10/3/2019 0 Comments
Boston City Councilor At-Large Michael F. Flaherty Calls for Adoption of Necessary Amendments and Passage of the Student Opportunity Act
Boston City Councilor At-Large Michael F. Flaherty calls upon the State Legislature to adopt necessary amendments and pass the Student Opportunity Act (S.2350: An Act Relative to Educational Opportunity for Students) as an urgently needed tool to help alleviate the achievement gap in Boston Public Schools. The newly introduced state legislative proposal, recently presented by the Joint Committee on Education, is the latest in the state’s comprehensive effort to provide a 21st century quality education system for all of Boston’s students. The bill is an absolutely vital budgetary bill that will enable Massachusetts to finally provide the opportunities and educational investment that both students and teachers direly need.
The Student Opportunity Act seeks to close the funding gap in how the public education system is budgeted. This necessary legislation builds on the work that was proposed through the Promise Act - seeking to update the Massachusetts Education Reform Act of 1993 by adding a new funding mechanism to the Chapter 70 education aid formula. As a result of this bill, school districts across the Commonwealth of Massachusetts can collectively expect an estimated $1.5 billion in additional revenue. The additional funding will support the expansion of services for student wellness, along with protecting school employees from high healthcare costs by ensuring that funding allocations for healthcare are more accurate, and other critical changes.
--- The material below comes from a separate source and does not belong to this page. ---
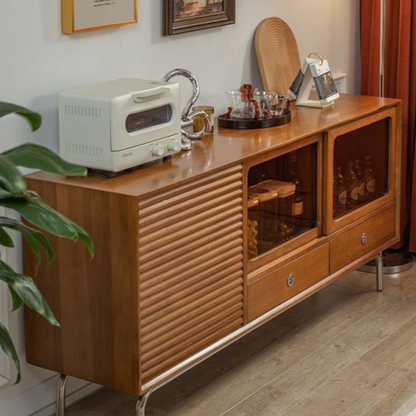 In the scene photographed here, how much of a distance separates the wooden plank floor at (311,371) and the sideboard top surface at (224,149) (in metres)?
0.83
The Student Opportunity Act will allow for a forward-thinking approach to how our students and teachers should have the resources needed for a successful learning environment.
“While Boston Public Schools have made great investments and resources in our school system during recent years, along with leveraging public-private partnerships, we are past-due on an overhaul in our approach to school funding,” said Councilor Flaherty. “Every budget season, the Boston City Council hears the concerns of families and students alike, finding ourselves short on funding in desperately needed areas. We have been underfunded by the current mechanisms, so now is the time to work with our colleagues at the State House to implement a solution that will address the inequities that have made their way into our classrooms.”
The Student Opportunity Act is still under review by the State Legislature. Councilor Flaherty specifically calls for the adoption of Amendments 14, 17, 19 and 61. These Amendments reinforce the core of the bill, in that they set the guidelines surrounding how the bill will benefit ESL and low-income students, address the infrastructure for charter school establishments and their financial impacts on their communities, and establish concrete charter school seating caps, while adding representatives from the Massachusetts Teachers Association and the American Federation of Teachers to several important education advisory councils. Councilor Flaherty calls upon all stakeholders to contact their state elected officials to advocate for the adoption of these amendments and the passage of this Act which aims to reduce the academic and opportunity gaps for all students in Boston’s schools, including those who are from lower-income households, are English language learners, and/or have different cognitive/physical learning abilities.
Councilor Flaherty’s own efforts to close the academic and opportunity gaps include efforts to implement Year 13 in the Boston Public School system. Councilor Flaherty proposes Year 13 to be designed as an intensive, year-long focused program which will provide an extra year of high school, allowing for transition into post-secondary educational, and getting students on track to not only four-year colleges, but also for students entering vocational-technical school, or community college as well.
“By acknowledging that we are under-performing in some areas, we should be doing more to help all of our students to be on the path to success. Namely, in our students' abilities to not only graduate, but to make sure that they are college-ready and career-ready coupled with our educators being provided with the tools to enable a productive classroom,” stated Councilor Flaherty.